We may be required prepay to the operators of our properties our contractual share of acreage, geophysical and geological costs and other up-front expenses, and drilling and completion costs, on a well-by-well basis. Once a prepayment is made, the operator is under no requirement to keep such funds segregated from funds received by other working interest owners. As a result of any prepayment, we would become a general unsecured creditor of the operator and, therefore, could suffer the loss of all or part of the amount prepaid in the event that an operator has financial difficulties, liens are placed against the operator’s assets or the operator files for bankruptcy.

 

If we are unable to find purchasers of our natural gas, it could harm our profitability.

 

There generally are only a limited number of natural gas transmission companies with existing pipelines in the vicinity of a natural gas well or wells. In the event that producing natural gas properties are not subject to purchase contracts or that any such contracts terminate and other parties do not purchase our natural gas production, there is no assurance that we will be able to enter into purchase contracts with any transmission companies or other purchasers of natural gas and there can be no assurance regarding the price which such purchasers would be willing to pay for such natural gas. There presently exists an oversupply of natural gas in the marketplace, the extent and duration of which is not known. Such oversupply may result in reductions of purchases by principal natural gas pipeline purchasers.

 

We could lose leases on certain of our properties unless production is established and maintained on units containing the acreage or the leases are extended.

 

Oil and natural gas leases generally must be drilled before the end of the lease term or the leaseholder will lose the lease and any capital invested therein.
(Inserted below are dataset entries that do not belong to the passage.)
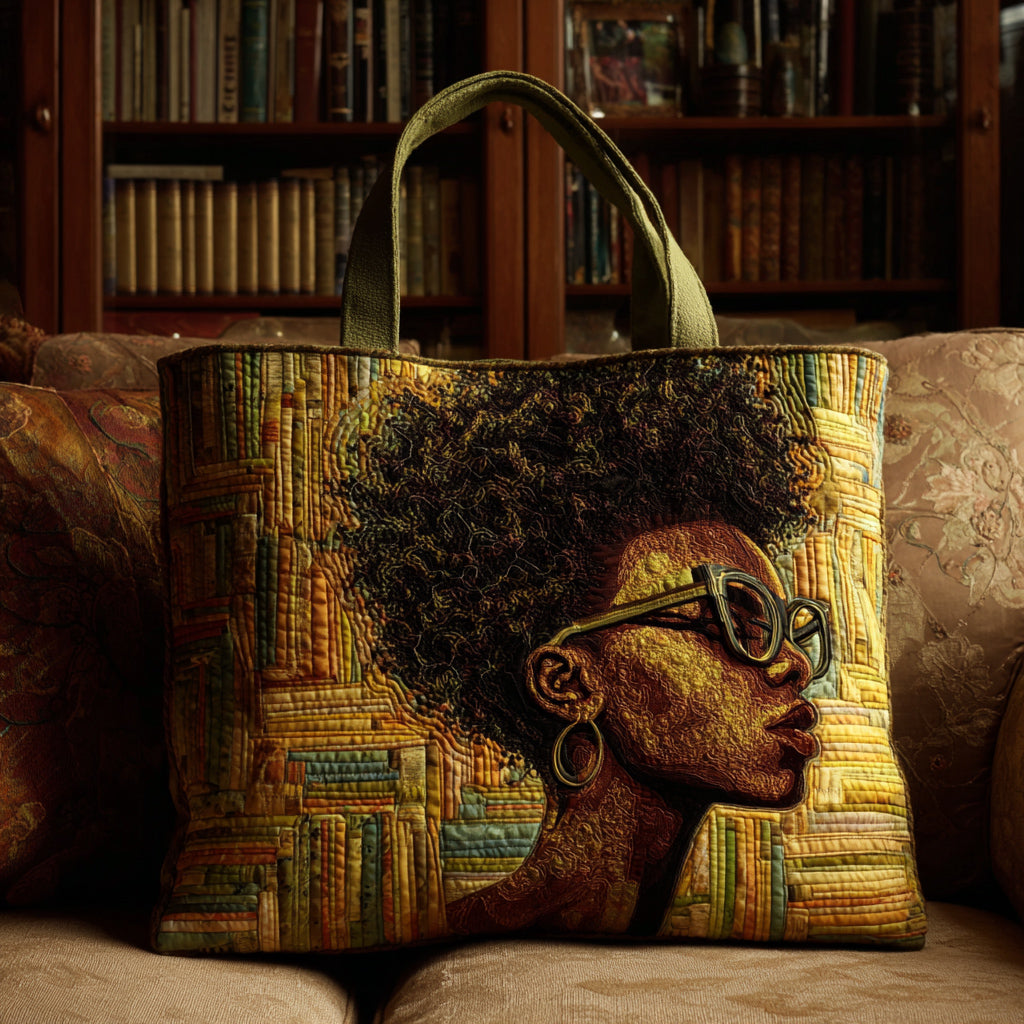 Black Woman Reader Quilted Tote Bag Popular Womens Tote Bags Best African American Gifts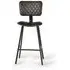 Danidun Bar Stool with Back - Dark Grey, Leather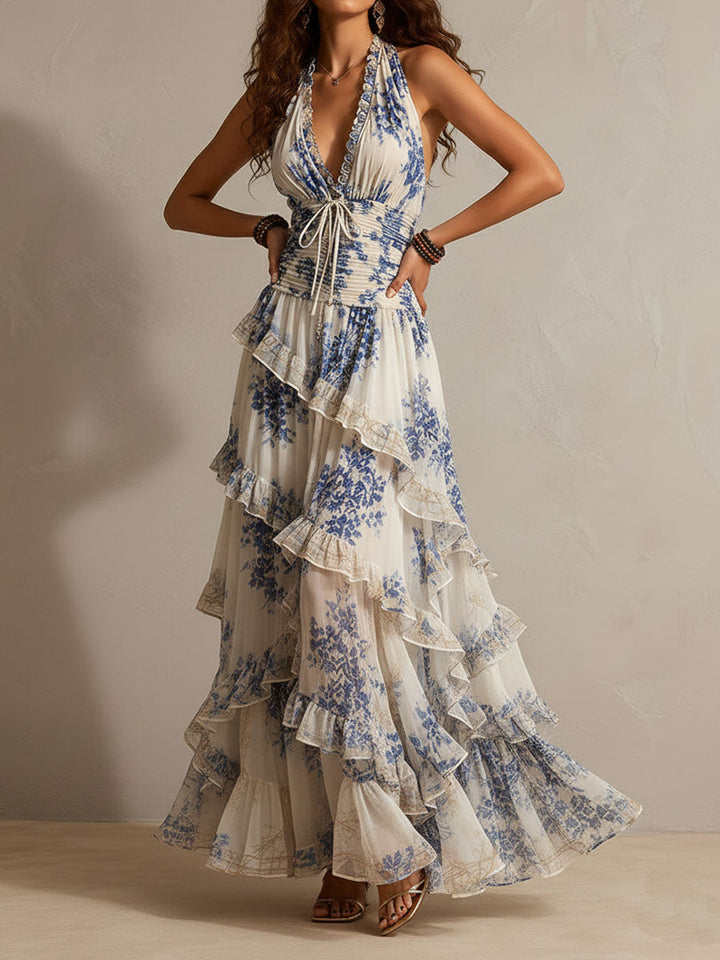 Boho Resort Blue Floral Halter Tiered Ruffle Chiffon Maxi Dress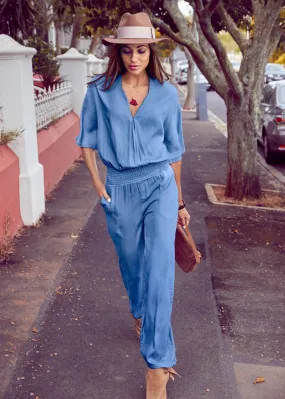 Chambray Jumpsuit - Light Wash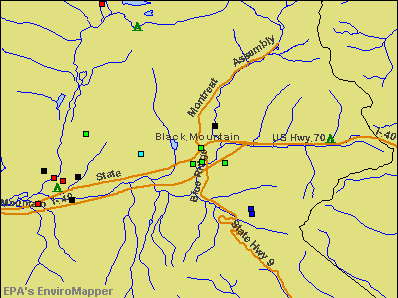 Black Mountain, North Carolina environmental map by EPA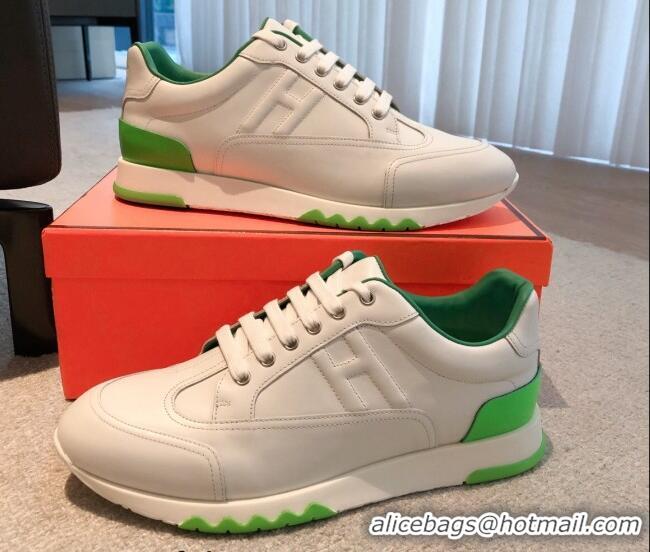 Good Looking Hermes Trail sneakers in calfskin leather white/Green 530085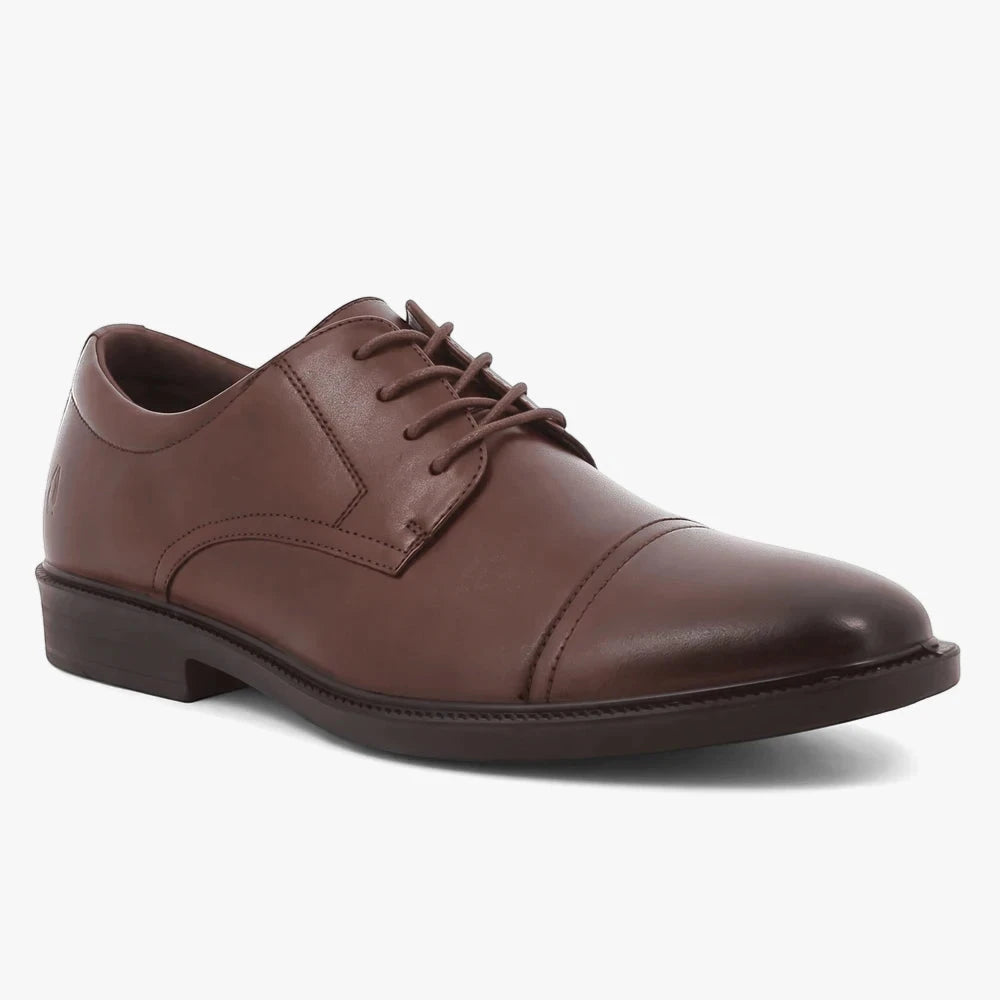 Hush Puppies Mens Reggie Cow Leather Shoe Dark Tan | Hush Puppies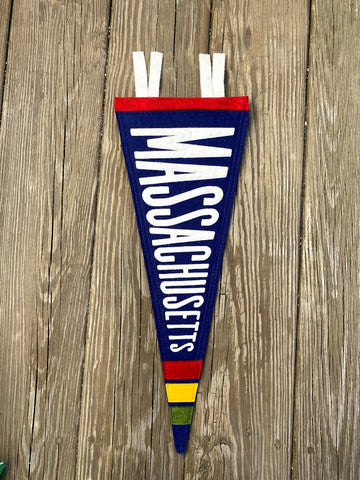 Navy Massachusetts Stripe Pennant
In addition, leases may also be lost due to legal issues relating to the ownership of leases. Any delays in drilling or legal issues causing us to lose leases on properties could have a material adverse effect on our results of operations and reserve growth. If our leases expire, we will lose our right to develop the related properties.

 

Our drilling plans for these areas are subject to change based upon various factors, including factors that are beyond our control. Such factors include drilling results, oil and natural gas prices, the availability and cost of capital, drilling and production costs, availability of drilling services and equipment, gathering system and pipeline transportation constraints, and regulatory approvals.

 

Our operations could be impacted by burdens and encumbrances on title to our properties.

 

Our leasehold acreage may be subject to existing oil and natural gas leases, liens for current taxes and other burdens, including other mineral encumbrances and restrictions customary in the oil and natural gas industry, that should not materially interfere with the use or otherwise affect the value of such properties. However, we cannot guarantee that we have or will have clear and unobstructed title to leases or other rights assigned to us. We also cannot guarantee that the mineral encumbrances and restrictions mentioned above will not materially interfere with the use of or affect the value of leasehold acreage. Any cloud on the title of the working interests, leases and other rights owned by us could have a material adverse effect on our operations.

 

Delays in obtaining permits by us for our operations could impact our business.

 

We are required to obtain permits from one or more governmental agencies in order to perform drilling and completion activities, including hydraulic fracturing. Such permits are typically required by state agencies, but can also be required by federal and local governmental agencies. As with all governmental permitting processes, there is a degree of uncertainty as to whether a permit will be granted, the time it will take for a permit to be issued, and the conditions which may be imposed in connection with the granting of the permit. Hydraulic fracturing activities have been particularly scrutinized. In particular, there is a growing trend of local and municipal initiatives to regulate drilling and completion activities. For example, a number of municipalities in Colorado have initiated bans or moratoriums on certain drilling and completion activities, including hydraulic fracturing. In addition, some municipalities have adopted temporary moratoriums on gas well permits while longer-term measures are considered. If we are unable to obtain the necessary permits for our operations or if we experience delays in obtaining permits, it could have a material adverse effect on our results of operations and profitability.

 

Market conditions or transportation impediments may hinder access to oil and natural gas markets or delay production.

  

Market conditions, the unavailability of satisfactory oil and natural gas transportation or the remote location of our drilling operations may restrict our access to oil and natural gas markets or delay production. The availability of a ready market for oil and natural gas production depends on a number of factors, including the demand for and supply of oil and natural gas, the proximity of reserves to pipelines or trucking and terminal facilities and the availability of trucks and other transportation equipment. We may be required to shut-in wells or delay initial production for lack of a viable market or because of inadequacy or unavailability of pipeline or gathering system capacity. When that occurs, we will be unable to realize revenue from those wells until the production can be tied to a gathering system. This can result in considerable delays from the initial discovery of a reservoir to the actual production of the oil and natural gas and realization of revenues.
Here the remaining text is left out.